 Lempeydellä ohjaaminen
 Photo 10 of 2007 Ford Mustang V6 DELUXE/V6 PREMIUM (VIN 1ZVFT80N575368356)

******************************

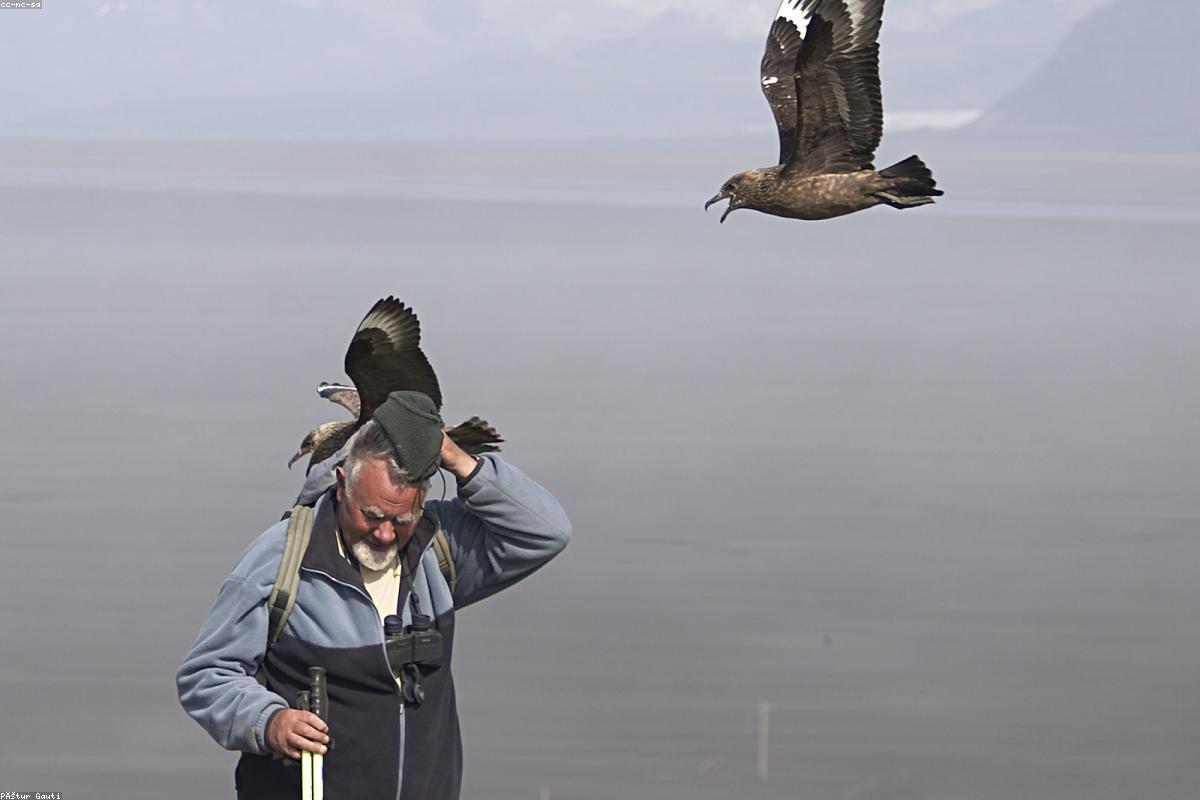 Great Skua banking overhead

******************************

* _Exercise details_: The answer is the lines above between the line holding "Lempeydellä ohjaaminen" and the line holding "Photo 10 of", inclusive, each written out exactly, and no others.

* _Problem solution_:
 Lempeydellä ohjaaminen
 Photo 10 of 2007 Ford Mustang V6 DELUXE/V6 PREMIUM (VIN 1ZVFT80N575368356)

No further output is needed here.